Links Air was a British airline selling and operating scheduled regional flights as well as charter services. It formerly operated scheduled flights out of Doncaster Sheffield Airport and public service obligation flights in Wales from Cardiff to Anglesey on behalf of the Welsh Government.

History
The airline was founded by Jon Ibbotson. It began operating under its own name on scheduled flights in April 2014, after previously operating on behalf of Varsity Express and Citywing. For 2015, Norwich was added as a destination from Cardiff before being dropped after less than 2 months, while Belfast flights were cancelled and Isle of Man flights ceased operating on Sunday 14 June.

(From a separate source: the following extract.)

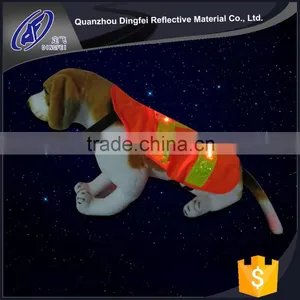 Reflective Hi Vis Flash Led Light Pet Vest Pet Dog Safety Vest thumbnail-1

Until October 2015, the airline held a Type B operating licence issued by the UK Civil Aviation Authority (CAA), authorising the company to operate flights with fewer than 20 passengers and/or weighing less than 10 tonnes, which were operated by its three British Aerospace Jetstream 31 aircraft.

On 21 October 2015 the CAA suspended the airline's operating certificate over safety concerns, stating that, "Safety is always our first priority and we will always take action when necessary to protect the travelling public." The Cardiff-Anglesey route was taken over by North Flying on behalf of Links Air on short notice. The route has since been operated by Van Air Europe and DragonFly Executive Air Charter, before returning to North Flying. Links Air withdrew its service without notice on 22 January 2016, The service was later run by Citywing.

Links Air was liquidated on 1 April 2016.

Destinations

Former destinations
England
Doncaster/Sheffield - Robin Hood Airport Doncaster Sheffield HQ
Norwich - Norwich International Airport

Isle of Man
Ronaldsway - Isle of Man Airport seasonal

Northern Ireland
Belfast - George Best Belfast City Airport

 Wales
Anglesey - Anglesey Airport
Cardiff - Cardiff Airport base

Fleet

Accidents and incidents
On 8 March 2012, a BAe Jetstream 31 of Links Air, operating Manx2 Flight 302 from Leeds-Bradford Airport, United Kingdom to Ronaldsway Airport, Isle of Man, departed the runway on landing at Ronaldsway. The aircraft was substantially damaged when the starboard undercarriage collapsed due to corrosion-induced cracking. There were no injuries amongst the twelve passengers and two crew.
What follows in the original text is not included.